Give back exactly the lines from the one holding "Mastering Snowboarding - Hannah Teter" to the bottom of the material, both included, and nothing more. No pictures.

[Dataset records]

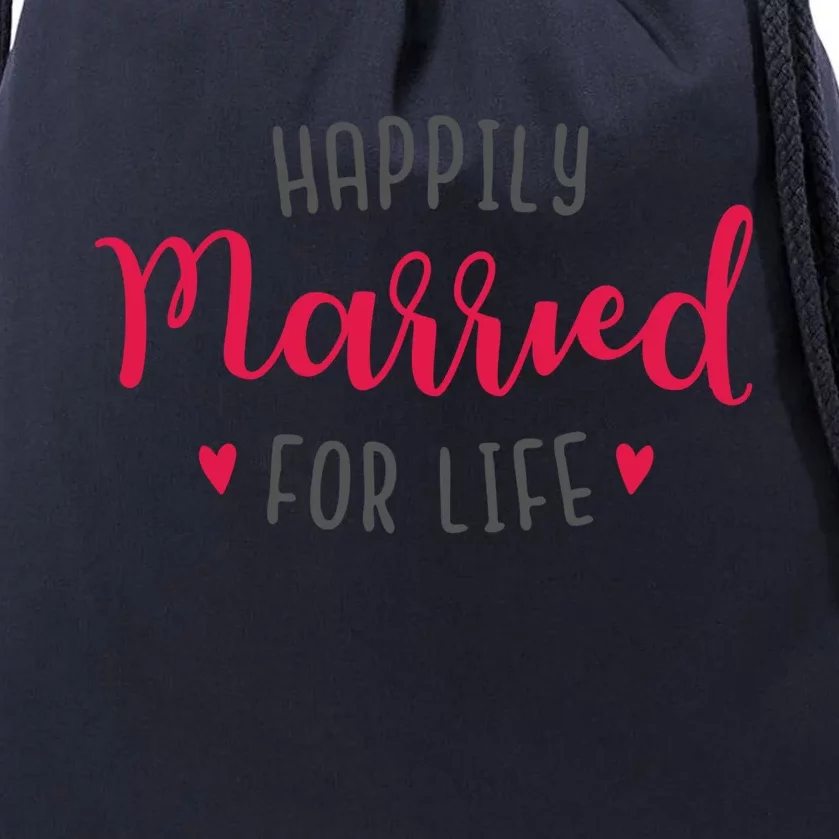 Happily Married For Life Drawstring Bag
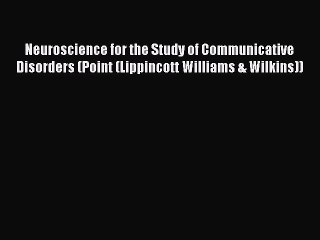 Read Neuroscience for the Study of Communicative Disorders (Point (Lippincott Williams & Wilkins))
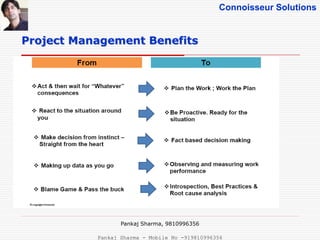 Connoisseur Solutions
Project Management Benefits
Pankaj Sharma, 9810996356
Pankaj Sharma - Mobile No -919810996356
 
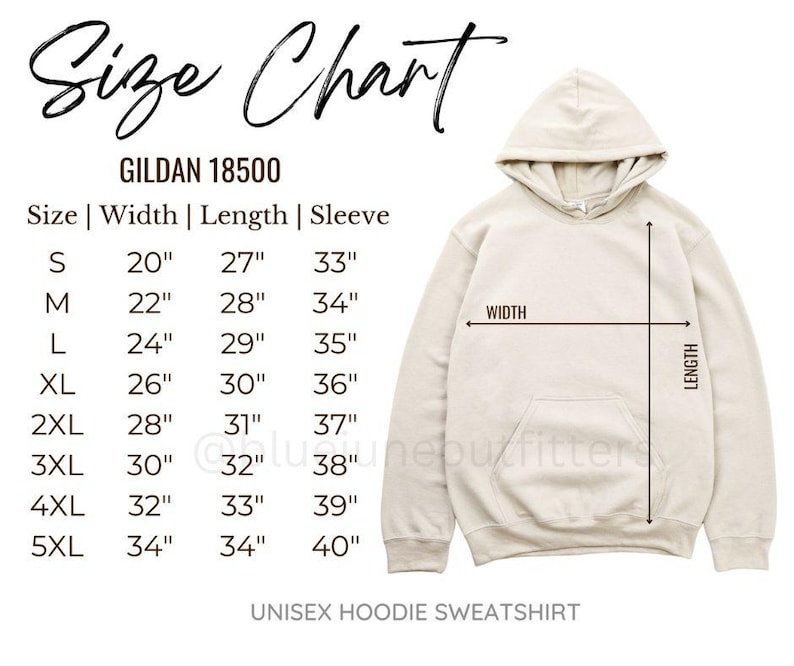 May include: A beige unisex hoodie sweatshirt with a size chart. The chart lists measurements for width, length, and sleeve length in inches for sizes S through 5XL. The brand is Gildan 18500.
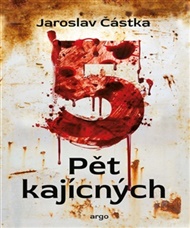 Pět kajícných - Jaroslav Částka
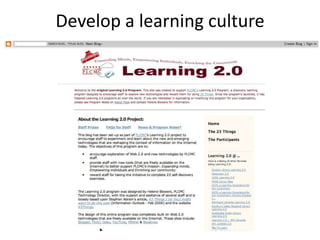 Develop a learning culture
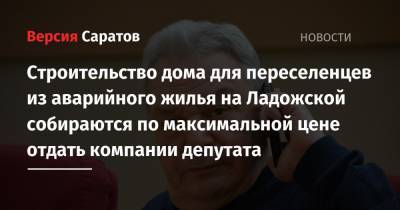 Строительство дома для переселенцев из аварийного жилья на Ладожской собираются по максимальной цене отдать компании депутата - nversia.ru - Саратов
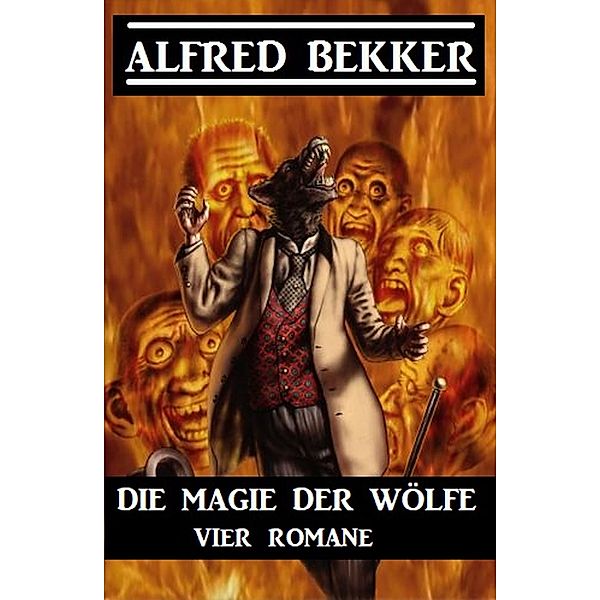 Die Magie der Wölfe: Vier Romane, Alfred Bekker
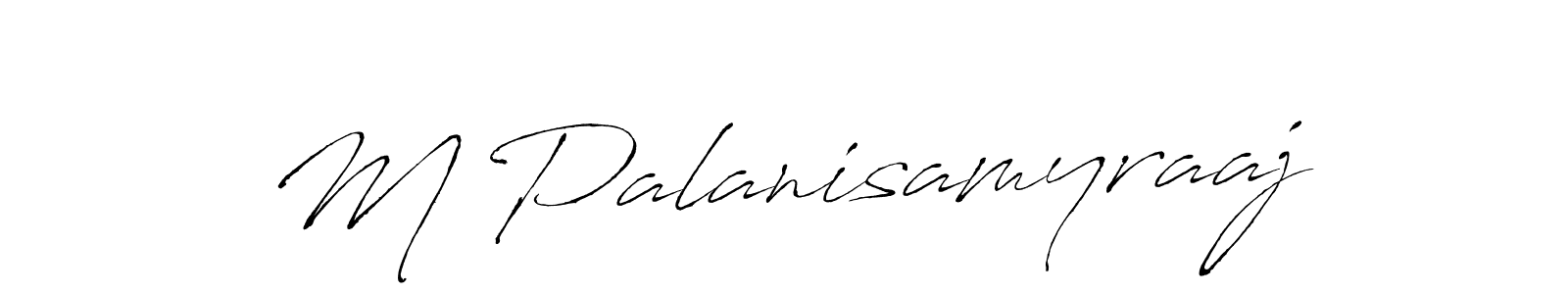 Also we have M Palanisamyraaj name is the best signature style. Create professional handwritten signature collection using Antro_Vectra autograph style. M Palanisamyraaj signature style 6 images and pictures png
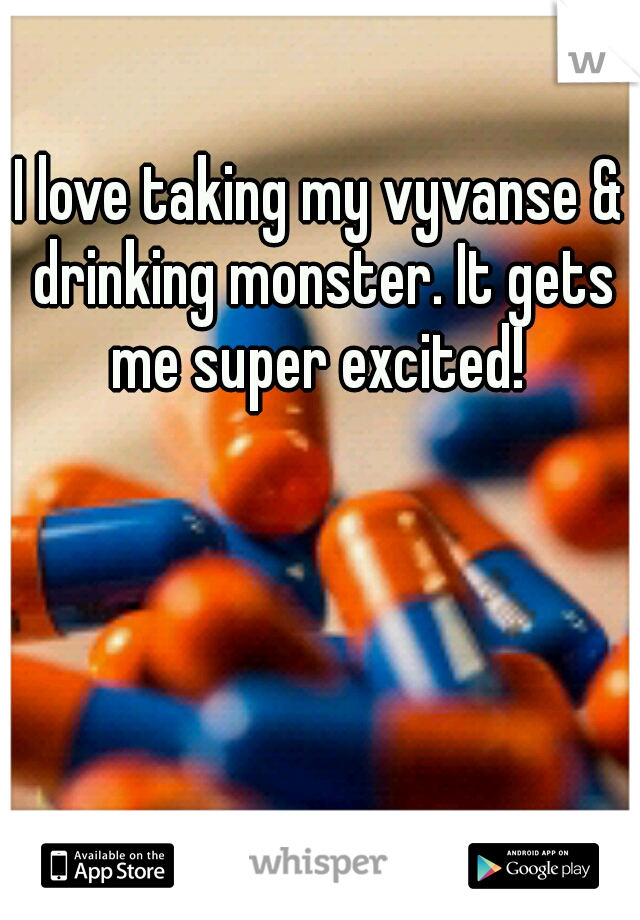 I love taking my vyvanse & drinking monster. It gets me super excited! 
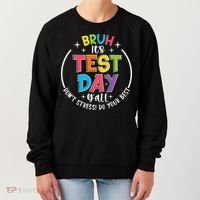 Bruh Its Test Day Rock The Test Teacher Student Testing Day Women's Sweatshirt thumb 0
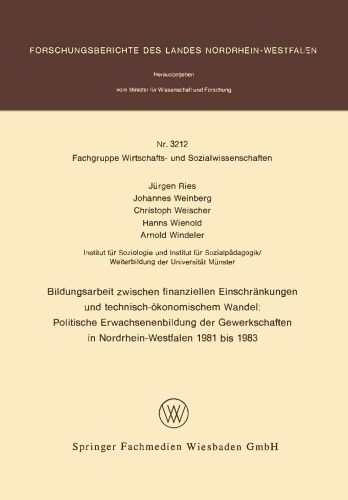 کار آموزشی بین محدودیت های مالی و تغییرات فنی و اقتصادی: آموزش سیاسی بزرگسالان اتحادیه های کارگری در شمال راین-وستفالن از سال 1981 تا 1983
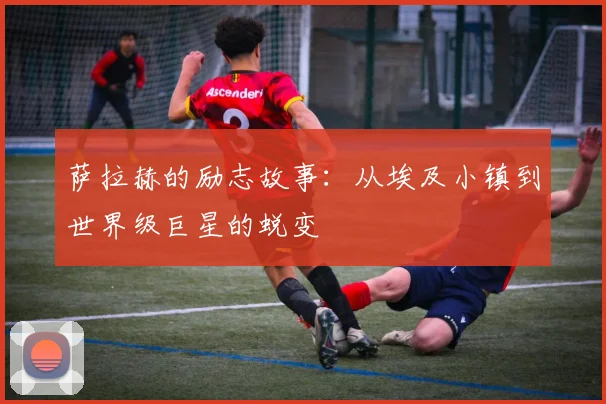 萨拉赫的励志故事:从埃及小镇到世界级巨星的蜕变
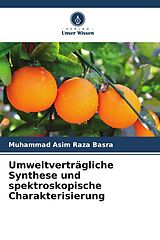 Kartonierter Einband Umweltverträgliche Synthese und spektroskopische Charakterisierung von Muhammad Asim Raza Basra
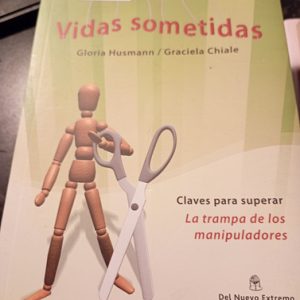 Vidas Sometidas  Gloria Husmann / Graciela Chiale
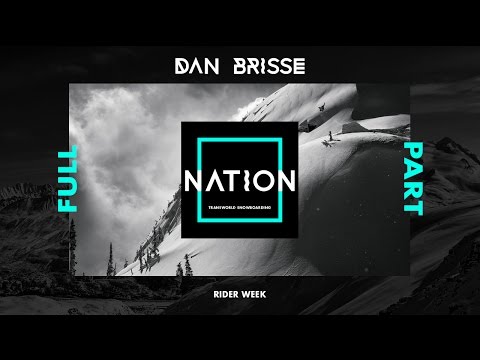 Dan Brisse's Full Part from Nation | TransWorld SNOWboarding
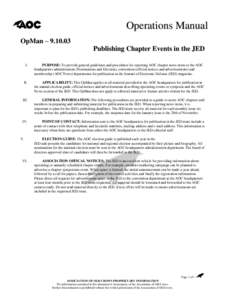 Operations Manual OpMan – [removed]Publishing Chapter Events in the JED I.  PURPOSE: To provide general guidelines and procedures for reporting AOC chapter news items to the AOC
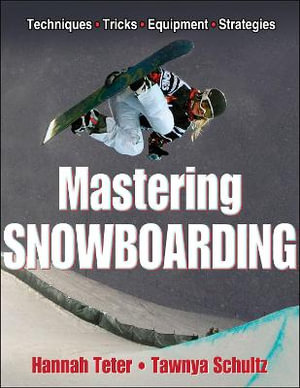 Mastering Snowboarding - Hannah Teter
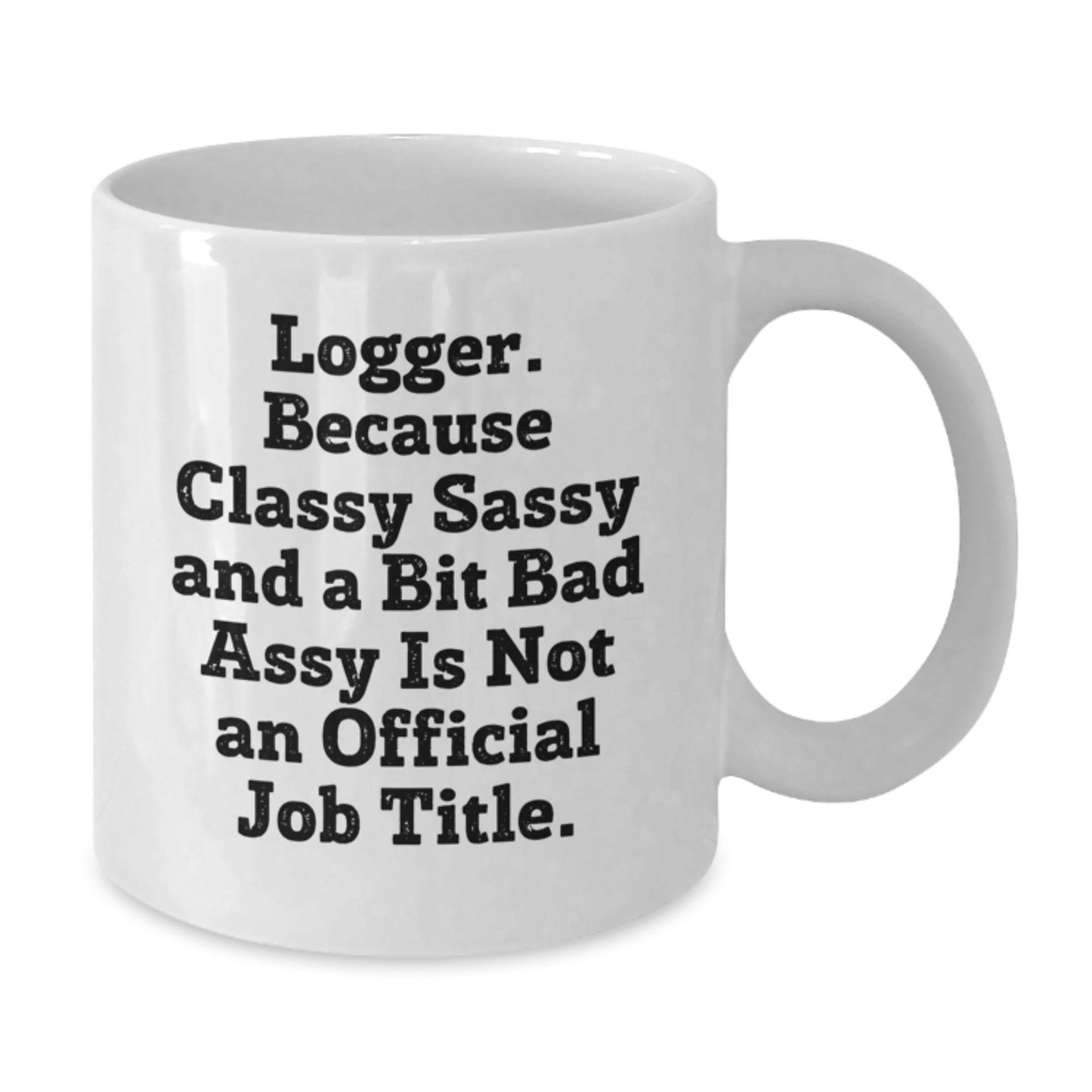 Logger Keepsake White Coffee Mug Sassy for Him Birthday Gift - Additional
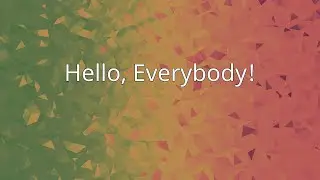 Hello, Everybody!
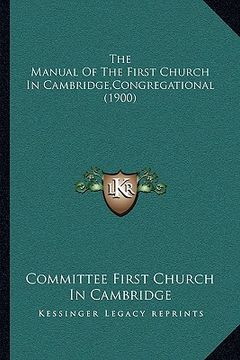 portada the manual of the first church in cambridge, congregational (1900) (en Inglés)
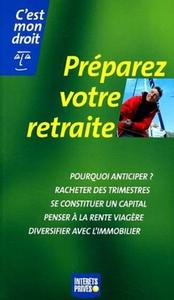 PREPARER VOTRE RETRAITE POURQUOI ANTICIPER?RACHETER DES TRIMESTRES,SE CONSTITUER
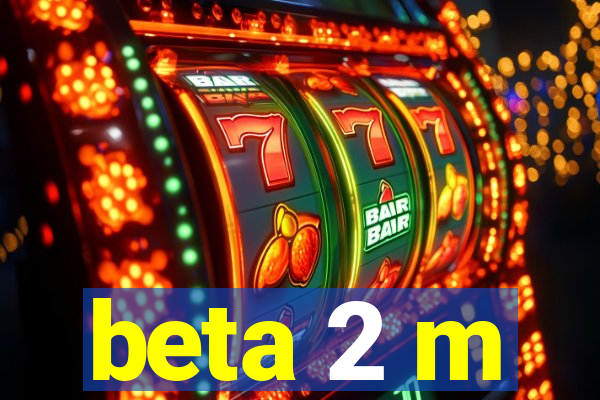 beta 2 m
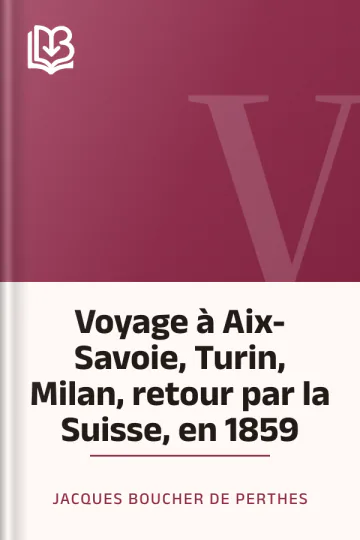 Voyage à Aix-Savoie, Turin, Milan, retour par la Suisse, en 1859 de Jacques Boucher de Perthes, couverture du livre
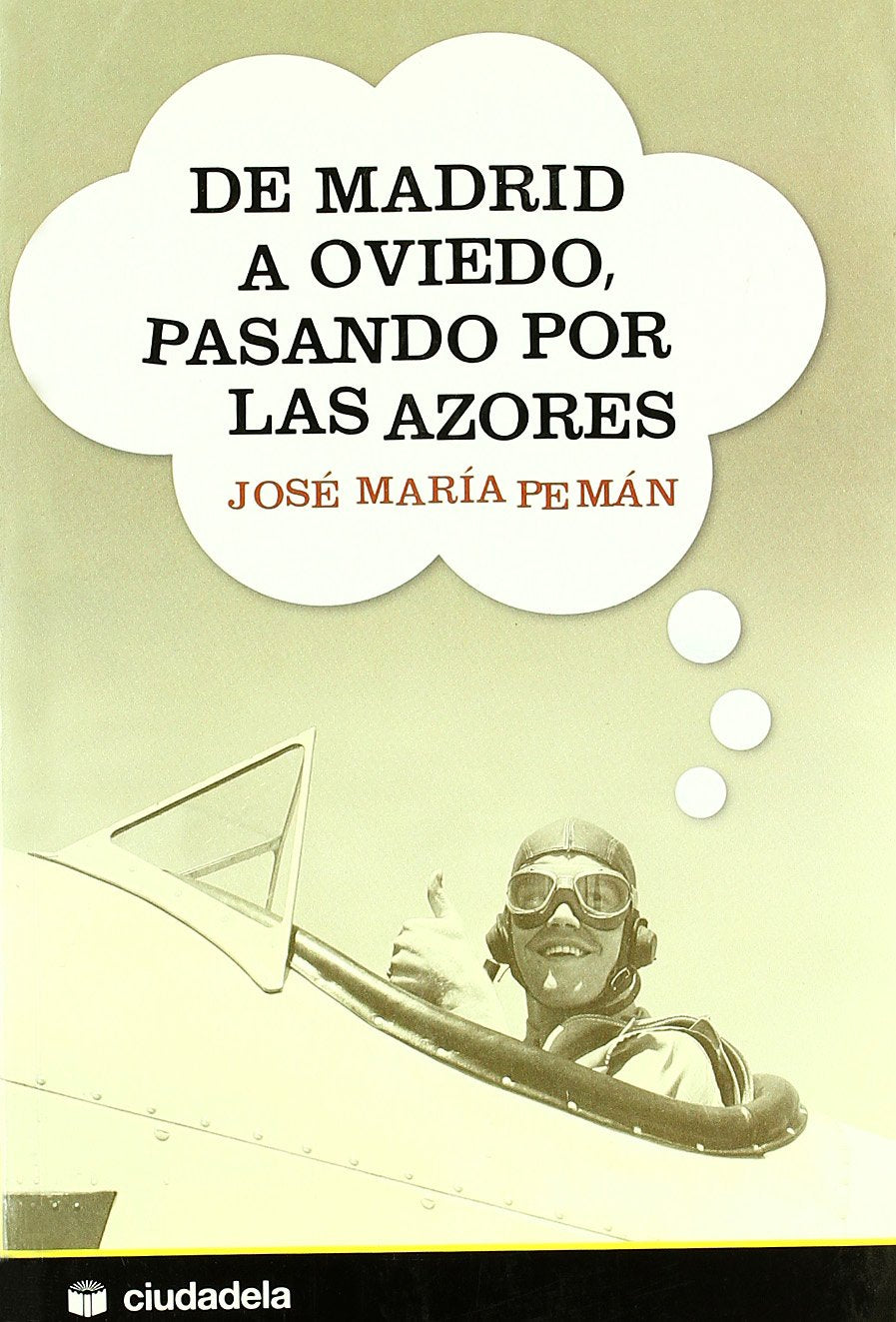 De Madrid a Oviedo pasando por las azores Pemán, José María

[/Dataset records]

Finished exercise:
 Mastering Snowboarding - Hannah Teter
 Logger Keepsake White Coffee Mug Sassy for Him Birthday Gift - Additional
 Hello, Everybody!
 portada the manual of the first church in cambridge, congregational (1900) (en Inglés)
 PREPARER VOTRE RETRAITE POURQUOI ANTICIPER?RACHETER DES TRIMESTRES,SE CONSTITUER
 beta 2 m
 Voyage à Aix-Savoie, Turin, Milan, retour par la Suisse, en 1859 de Jacques Boucher de Perthes, couverture du livre
 De Madrid a Oviedo pasando por las azores Pemán, José María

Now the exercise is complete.